--- What the task asks ---
Nothing outside the lines below from the one containing "Detailed wood art" through the one containing "People interacting at" is to be printed; print those exactly, ends included, and drop the pictures.

--- Source data ---

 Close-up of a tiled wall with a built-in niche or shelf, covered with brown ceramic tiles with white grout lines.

--

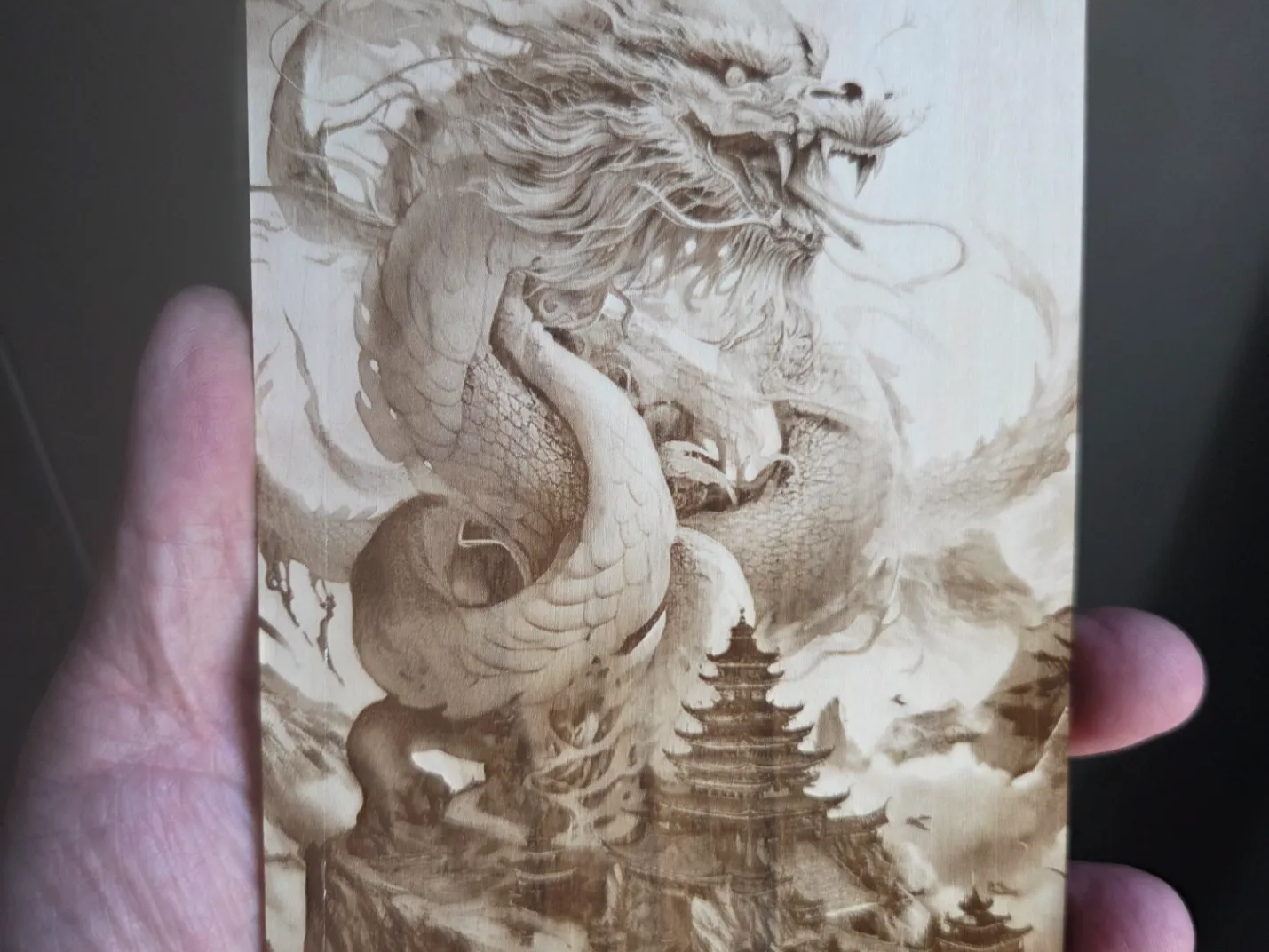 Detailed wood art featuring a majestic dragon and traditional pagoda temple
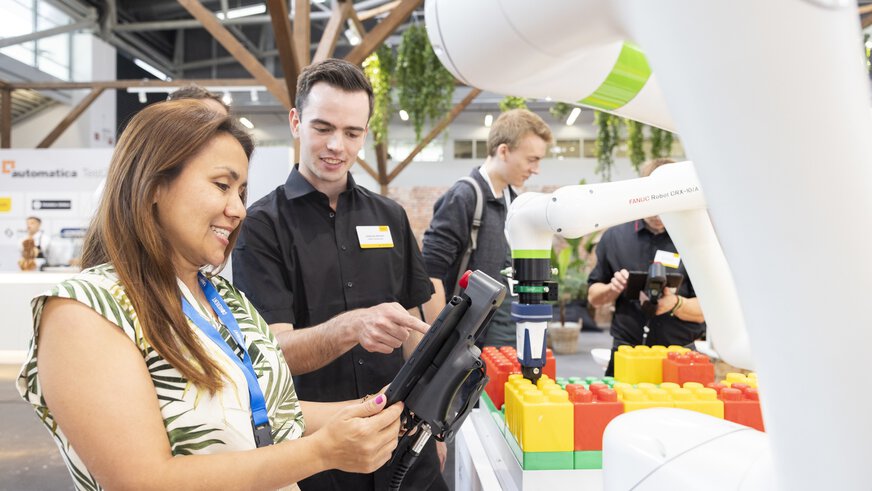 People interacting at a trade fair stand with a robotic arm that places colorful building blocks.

* * *

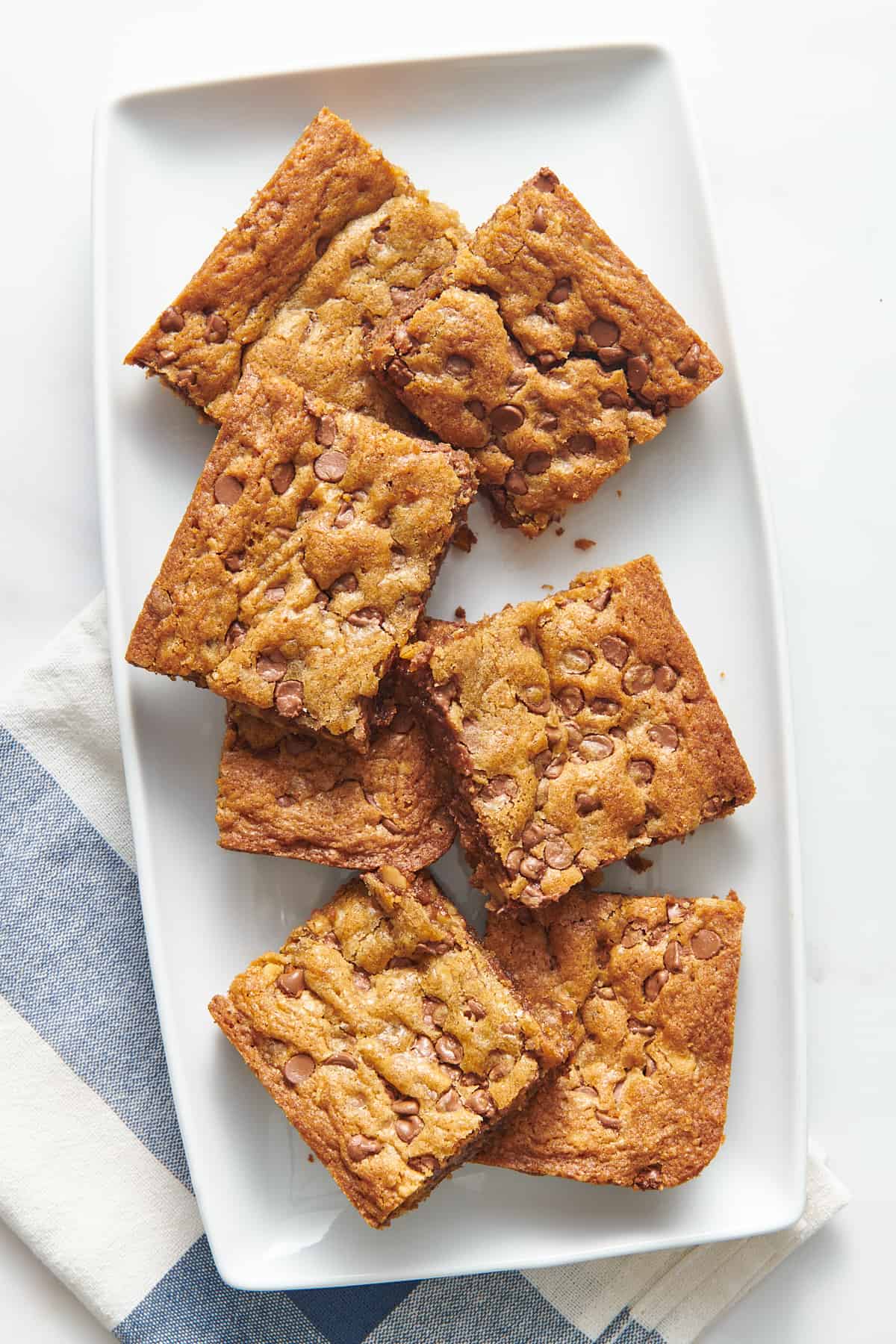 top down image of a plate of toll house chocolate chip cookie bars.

--- Result ---
 Detailed wood art featuring a majestic dragon and traditional pagoda temple
 People interacting at a trade fair stand with a robotic arm that places colorful building blocks.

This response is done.